Restarting the LSC computer didn't solve the problem so I decided to reboot the scipe25 computer, corresponding to c1dcuepics, that controls the LSC channels.

Somehow rebooting that machine erased all the parameters on almost all medm screens. In particular the mode cleaner mirrors got a kick and took a while to stop. I then burtrestored all the medm screen parameters to yesterday Thursday October 9 at 16:00. After that everything came back to normal. I had to re-lock the PMC and the MC.

Burtrestoring c1dcuepics.snap required to edit the .snap file because of a bug in burtrestore for that computer wich adds an extra return before the final quote symbol in the file. That bug should be fixed sometime.

The rebooting apparently fixed the problem with ETMX on the LSC screen. The strange output is not present anymore and I was able to easily lock the X arm. I then run the Align and the Restore full IFO scripts.
  1041   Fri Oct 10 20:03:35 2008 YoichiConfigurationComputersmedm, dataviewer, dtt on 64 bit linux
I compiled EPICS (base, medm and ezca) and dataviewer for 64 bit linux.
These are installed in /cvs/cds/caltech/apps/linux64/.
I also configured cshrc.40m to make it possible to run the 32bit dtt on 64bit machines.
64bit ligotools is also installed to /cvs/cds/caltech/apps/linux64/ligotools although I haven't tested it extensively.
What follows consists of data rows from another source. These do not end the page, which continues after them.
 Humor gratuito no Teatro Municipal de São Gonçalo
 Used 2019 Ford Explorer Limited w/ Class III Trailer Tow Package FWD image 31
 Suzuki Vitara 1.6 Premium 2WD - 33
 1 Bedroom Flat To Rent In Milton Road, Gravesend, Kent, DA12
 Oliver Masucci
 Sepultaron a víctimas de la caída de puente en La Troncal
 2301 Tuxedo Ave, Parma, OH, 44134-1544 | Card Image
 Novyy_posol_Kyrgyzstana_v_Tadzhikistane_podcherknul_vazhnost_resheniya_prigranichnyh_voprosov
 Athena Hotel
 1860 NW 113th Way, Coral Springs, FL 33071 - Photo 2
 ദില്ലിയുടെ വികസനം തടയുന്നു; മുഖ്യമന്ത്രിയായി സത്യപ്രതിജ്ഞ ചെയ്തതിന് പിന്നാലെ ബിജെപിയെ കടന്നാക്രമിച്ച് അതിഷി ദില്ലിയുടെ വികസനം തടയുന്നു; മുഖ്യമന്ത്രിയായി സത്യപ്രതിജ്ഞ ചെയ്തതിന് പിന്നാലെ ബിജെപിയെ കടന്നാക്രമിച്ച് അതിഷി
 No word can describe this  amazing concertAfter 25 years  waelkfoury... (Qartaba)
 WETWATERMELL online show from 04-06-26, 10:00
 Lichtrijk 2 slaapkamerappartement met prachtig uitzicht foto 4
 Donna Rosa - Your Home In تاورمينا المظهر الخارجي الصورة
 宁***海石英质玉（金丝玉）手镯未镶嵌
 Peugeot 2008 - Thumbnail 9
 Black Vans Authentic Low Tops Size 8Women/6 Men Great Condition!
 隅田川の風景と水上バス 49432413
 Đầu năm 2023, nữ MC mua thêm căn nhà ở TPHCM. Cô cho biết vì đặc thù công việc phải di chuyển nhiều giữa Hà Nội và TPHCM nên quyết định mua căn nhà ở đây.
With those essential tools available for 64bit linux, Joe and I decided to install 64bit CentOS to the new linux machine.
It is named allegra.
Now, medm, dataviewer, dtt, awg, foton and ezca commands all work on rosalba and allegra.
I put some notes on how to make things work on 64bit in the wiki.
http://lhocds.ligo-wa.caltech.edu:8000/40m/Building_LIGO_softwares_for_64_bit_linux

I compiled dtt (actually the whole GDS tree) for 64bit linux and the build process finished normally.
But somehow dtt does not work properly. It starts on my laptop but does not retrieve data. It crashes on rosalba.
So I had to retreat to 32bit.
  1047   Tue Oct 14 19:18:18 2008 YoichiUpdateComputersBootFest
Rana, Yoichi

Most of the FE computers failed around the lunch time.
We power cycled those machines and now all of them are up and running.
I confirmed that the both arms lock.
Now the IFO is in "Restore last auto-alignment" status.
  1055   Fri Oct 17 16:43:10 2008 YoichiConfigurationComputersmcup/down scripts on linux
I made some changes to /cvs/cds/caltech/medm/c1/ioo/cmd/medmMCup and medmMCdown so that those can be run from medm on linux machines.
  1059   Mon Oct 20 15:02:00 2008 YoichiConfigurationComputers/cvs/cds restored
I moved missing files in /cvs/cds restored by Alan and Stuart to the original locations.
I confirmed autoburt runs, and dtt, which had also been having trouble running, runs ok now.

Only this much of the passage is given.